Ussama bin Laden raucht sein Marihuana aus einer goldenen Wasserpfeife. Wenn er bekifft ist, hört er gerne »Rock Lobster« von den B-52s und schwärmt von Whitney Houston, deren Ehemann er beseitigen möchte, um die Dame seines Herzens in seinen Harem einreihen zu können. Das behauptet die derzeit in den USA lebende Sudanesin Kola Boof im Jahr 1996 in Marrakesch erlebt zu haben. Außer ihr gibt es niemanden, der bin Laden in Marokko gesehen haben will. Demütigender als der Vorwurf unislamischen Verhaltens dürfte für ihn jedoch sein, dass er in der Septemberausgabe des US-Magazins Harper’s unter der Rubrik »Lifestyle« abgehandelt wird.

Bereits Anfang Juli war bin Laden durch die Auflösung der zehn Jahre lang allein seiner Ergreifung gewidmeten CIA-Sondereinheit Alec Station entehrt worden. Fünf Jahre nach seinem großen Coup, den er nicht zu wiederholen vermochte, wird er von Freund und Feind eher als eine mythologische Figur denn als eine reale Gefahr betrachtet. Möglicherweise wird er sogar eines natürlichen Todes sterben.

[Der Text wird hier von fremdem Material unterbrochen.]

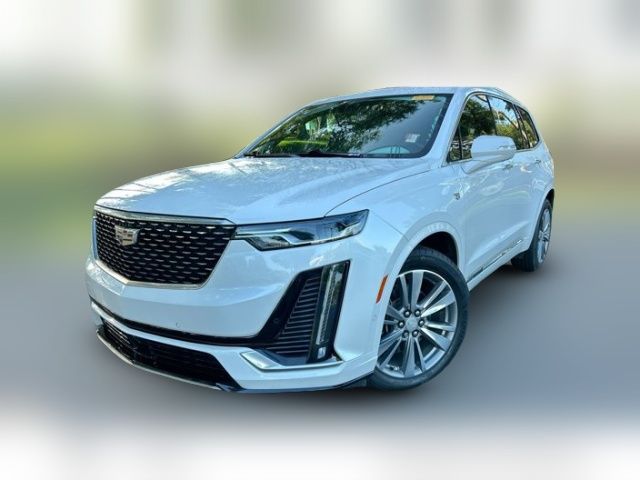 2021 Cadillac XT6 Premium Luxury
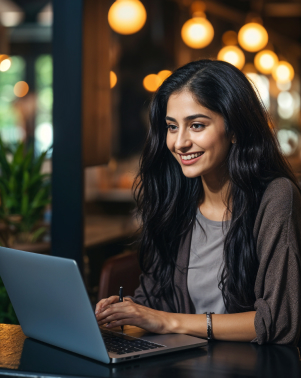 Vision looking forward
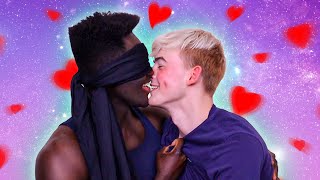 Gay Couple Plays Chapstick Challenge (It Got Serious ?)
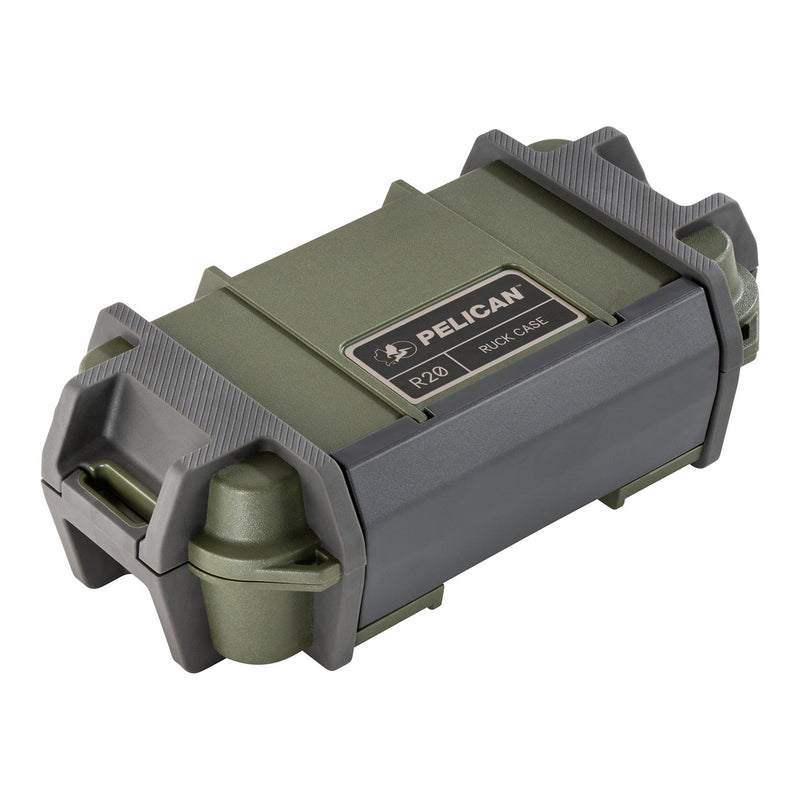 Load image into Gallery viewer, PELICAN RUCK CASE R20 OD GREEN - PPRKR200-0000-OD - Marksmans Corner
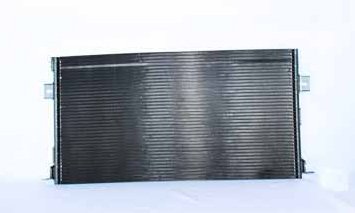 Tyc 4710 Dodge Plymouth Chrysler Parallel Flow Replacement Condenser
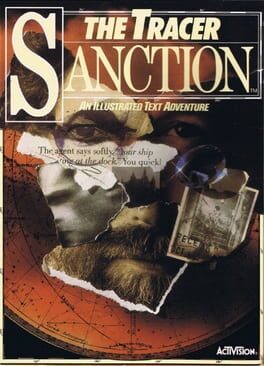 The Tracer Sanction Cover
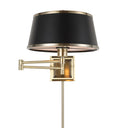 Newmark 1 Light Sconce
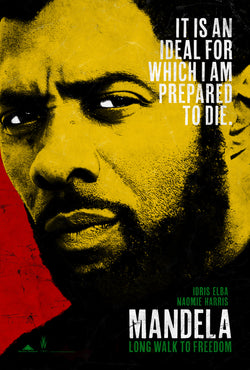 MANDELA: LONG WALK TO FREEDOM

Bin Laden, dessen Nierenleiden sich den Informationen von Asia Times Online zufolge trotz regelmäßiger Dialyse verschlimmert, kann sich jedoch mit der Begründung trösten, die die CIA für die Auflösung der Alec Station angab: Es sei wichtiger, sich auf die »von al-Qaida inspirierten Gruppen« zu konzentrieren. Fünf Jahre nach dem Zusammenbruch der beiden Türme des World Trade Center hat sich eine globale jihadistische Szene etabliert. Den Islamisten ist der Aufbau eines internationalen Netzwerks unabhängig voneinander agierender Gruppen gelungen, die von Polizei und Geheimdiensten nur in Einzelfällen aufgespürt werden können, die jedoch konsequent ein gemeinsames Ziel verfolgen.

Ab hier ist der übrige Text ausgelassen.